Scheduling, throttling, and cancelling work is a different matter. There's no other built-in .NET worker-queue thread pool, so you'll have roll your own (managing the threads or BackgroundWorkers yourself) or find a preexisting one (Ami Bar's SmartThreadPool looks promising, though I haven't used it myself).
In your particular case, the best option would not be either threads or the thread pool or Background worker, but the async programming model (BeginXXX, EndXXX) provided by the framework.
The advantages of using the asynchronous model is that the TcpIp stack uses callbacks whenever there is data to read and the callback is automatically run on a thread from the thread pool.

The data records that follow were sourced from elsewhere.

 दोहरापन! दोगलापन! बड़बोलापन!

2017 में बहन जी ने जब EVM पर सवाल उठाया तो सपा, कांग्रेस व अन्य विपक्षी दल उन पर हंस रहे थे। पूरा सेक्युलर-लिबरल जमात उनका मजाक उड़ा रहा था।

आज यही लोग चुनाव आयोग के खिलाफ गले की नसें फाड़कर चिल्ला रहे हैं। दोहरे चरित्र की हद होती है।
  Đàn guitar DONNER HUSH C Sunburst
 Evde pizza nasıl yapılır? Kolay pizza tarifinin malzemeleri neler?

Using the asynchronous model, you can control the number of requests per time interval initiated and also if you want you can initiate all the requests from a lower priority thread while processing the requests on a normal priority thread which means the packets will stay as little as possible in the internal Tcp Queue of the networking stack.
Asynchronous Client Socket Example - MSDN
P.S. For multiple concurrent and long running jobs that don't do allot of computation but mostly wait on IO (network, disk, etc) the better option always is to use a callback mechanism and not threads.

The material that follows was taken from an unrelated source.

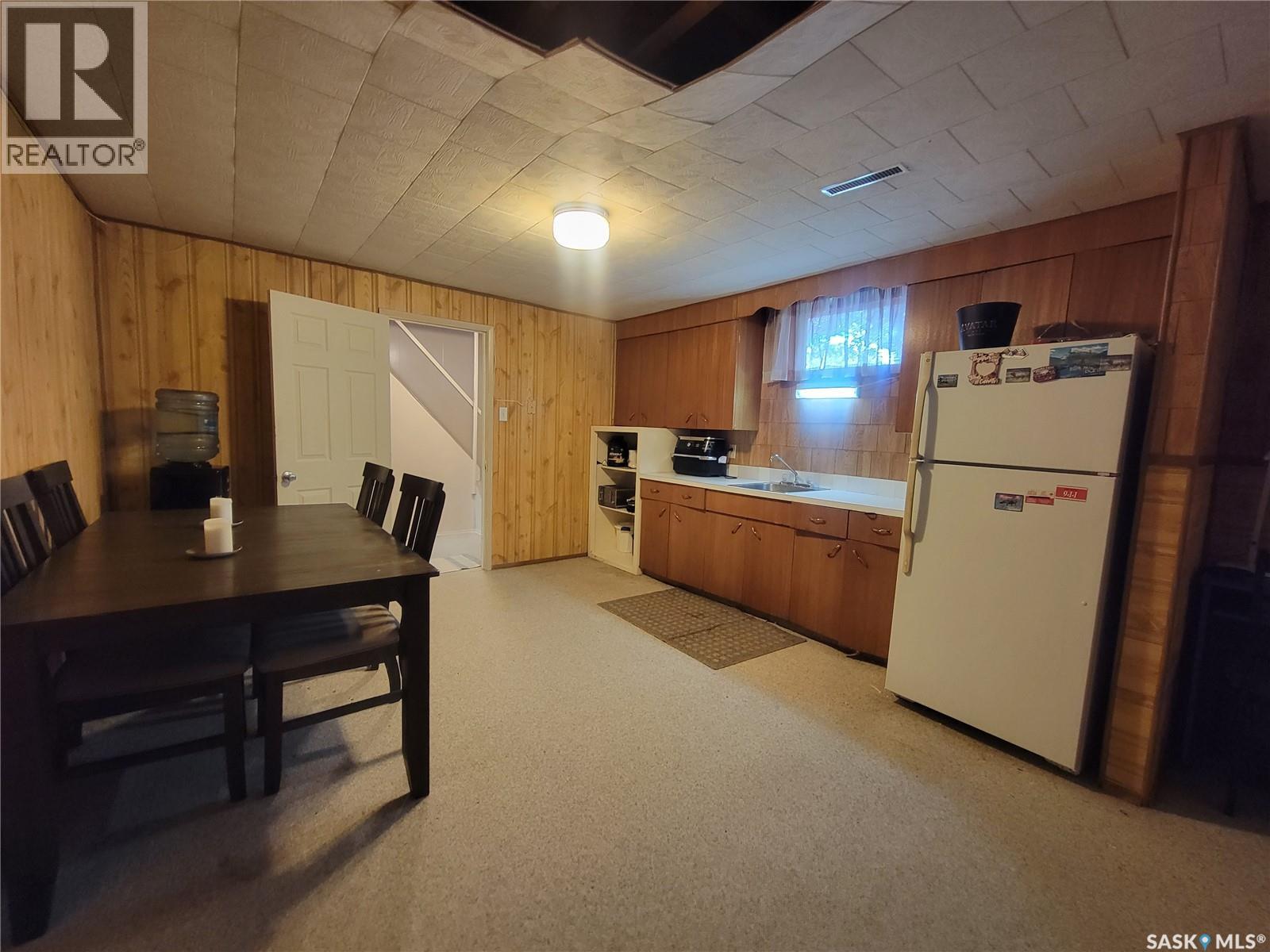 440 4th Avenue W Property Photo 18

I'd create your own thread manager. In the following simple example a Queue is used to hold waiting threads and a Dictionary is used to hold active threads, keyed by ManagedThreadId. When a thread finishes, it removes itself from the active dictionary and launches another thread via a callback.

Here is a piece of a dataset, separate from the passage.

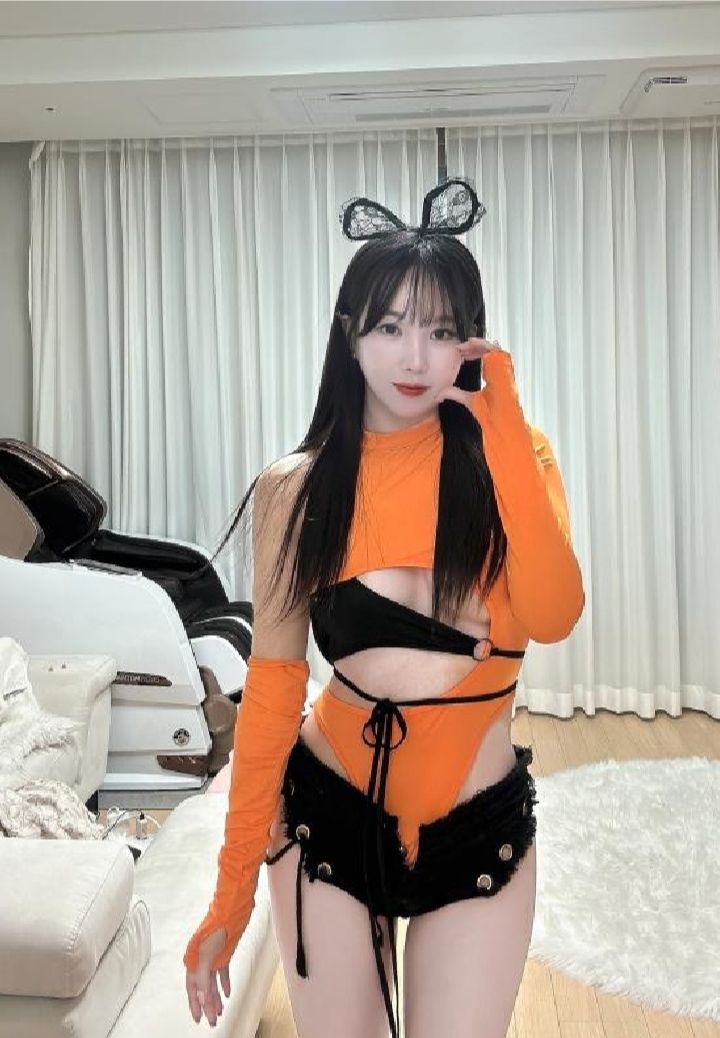 小店高颜值纯欲嫩妞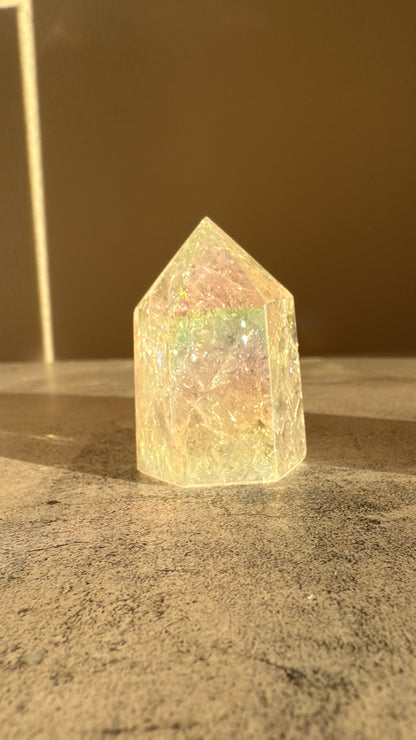 天然石 クラックオーラクォーツ タワー A 62g｜光と幸運を引き寄せるプリズムタワー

You can change the max running thread limit from your UI, and you can pass extra info to the ThreadDone callback for monitoring performance, etc. If a thread fails for say, a network timeout, you can reinsert back into the queue. Add extra control methods to Supervisor for pausing, stopping, etc.
using System;
using System.Collections.Generic;
using System.Threading;
namespace ConsoleApplication1
{
public delegate void CallbackDelegate(int idArg);
class Program
{
static void Main(string[] args)
{
new Supervisor().Run();
Console.WriteLine("Done");
Console.ReadKey();
}
}
class Supervisor
{
Queue<System.Threading.Thread> waitingThreads = new Queue<System.Threading.Thread>();
Dictionary<int, System.Threading.Thread> activeThreads = new Dictionary<int, System.Threading.Thread>();
int maxRunningThreads = 10;
object locker = new object();
volatile bool done;
public void Run()
{
// queue up some threads
for (int i = 0; i < 50; i++)
{
Thread newThread = new Thread(new Worker(ThreadDone).DoWork);
newThread.IsBackground = true;
waitingThreads.Enqueue(newThread);
}
LaunchWaitingThreads();
while (!done) Thread.Sleep(200);
}
// keep starting waiting threads until we max out
void LaunchWaitingThreads()
{
lock (locker)
{
while ((activeThreads.Count < maxRunningThreads) && (waitingThreads.Count > 0))
{
Thread nextThread = waitingThreads.Dequeue();
activeThreads.Add(nextThread.ManagedThreadId, nextThread);
nextThread.Start();
Console.WriteLine("Thread " + nextThread.ManagedThreadId.ToString() + " launched");
}
done = (activeThreads.Count == 0) && (waitingThreads.Count == 0);
}
}
// this is called by each thread when it's done
void ThreadDone(int threadIdArg)
{
lock (locker)
{
// remove thread from active pool
activeThreads.Remove(threadIdArg);
}
Console.WriteLine("Thread " + threadIdArg.ToString() + " finished");
LaunchWaitingThreads(); // this could instead be put in the wait loop at the end of Run()
}
}
class Worker
{
CallbackDelegate callback;
public Worker(CallbackDelegate callbackArg)
{
callback = callbackArg;
}
public void DoWork()
{
System.Threading.Thread.Sleep(new Random().Next(100, 1000));
callback(System.Threading.Thread.CurrentThread.ManagedThreadId);
}
}
}
Use the built-in threadpool. It has good capabilities.
Alternatively you can look at the Smart Thread Pool implementation here or at Extended Thread Pool for a limit on the maximum number of working threads.